* _Dataset extract_
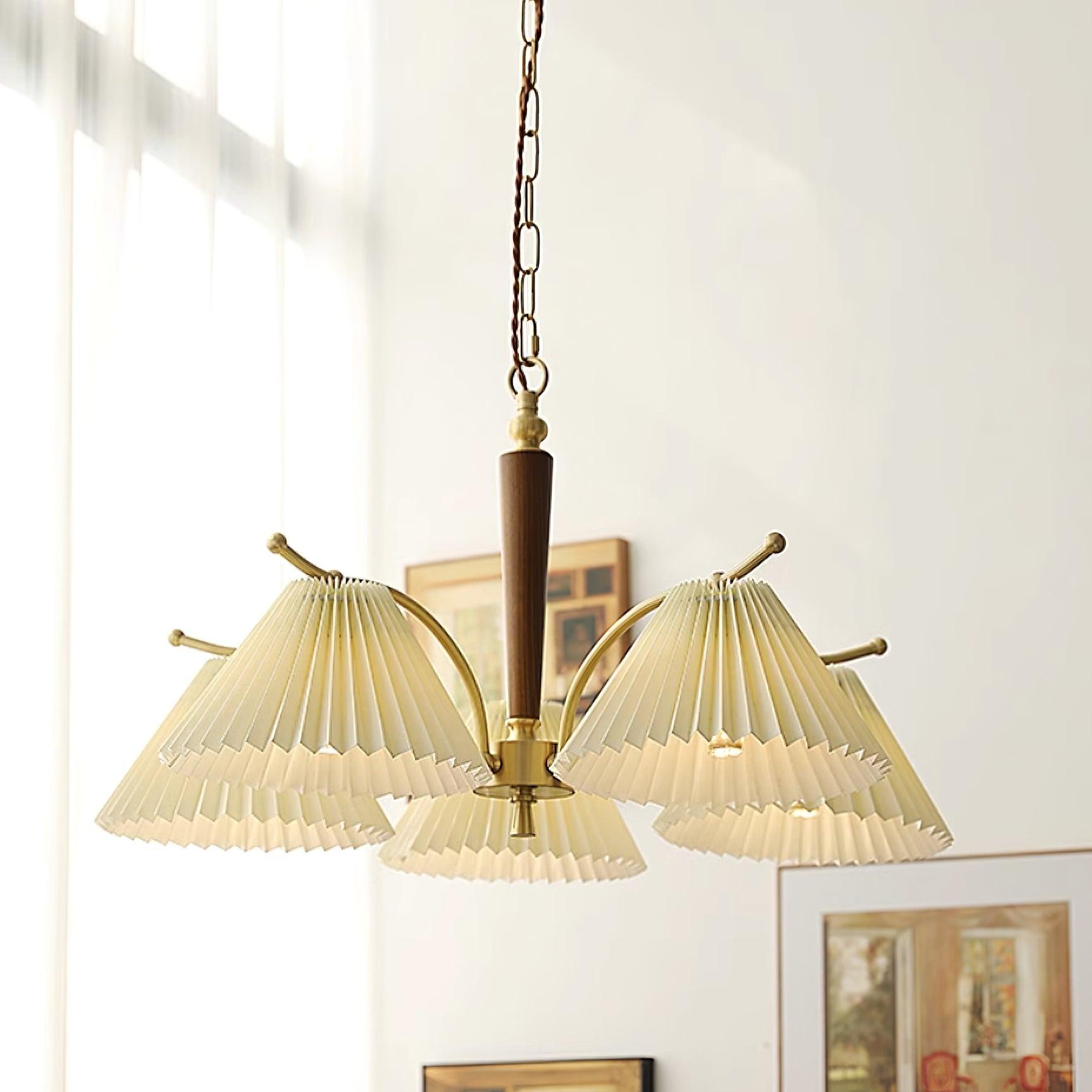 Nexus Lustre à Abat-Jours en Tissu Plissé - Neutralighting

--

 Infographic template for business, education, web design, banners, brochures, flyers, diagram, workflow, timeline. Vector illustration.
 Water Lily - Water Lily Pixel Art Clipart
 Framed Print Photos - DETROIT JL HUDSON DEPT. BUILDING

* * *

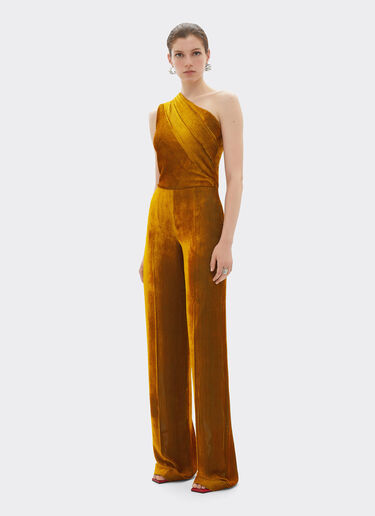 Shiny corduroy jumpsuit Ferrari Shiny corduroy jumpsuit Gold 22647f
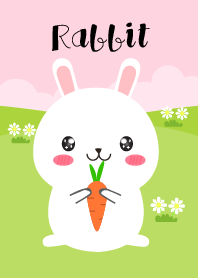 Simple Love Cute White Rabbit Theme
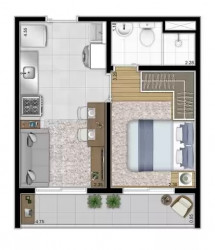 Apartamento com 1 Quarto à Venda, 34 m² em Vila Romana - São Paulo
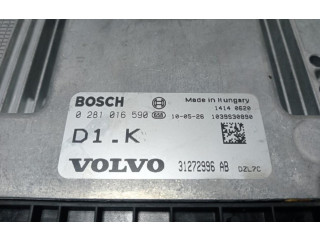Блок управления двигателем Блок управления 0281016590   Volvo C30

* _Exercise requirements_
Word for word, write out the lines above running from the one with "Simple Love Cute White Rabbit Theme" up to and including the one with "Блок управления двигателем". Drop any picture.

* _Reply to the exercise_
 Simple Love Cute White Rabbit Theme
 Apartamento com 1 Quarto à Venda, 34 m² em Vila Romana - São Paulo
Блок управления двигателем Блок управления 0281016590   Volvo C30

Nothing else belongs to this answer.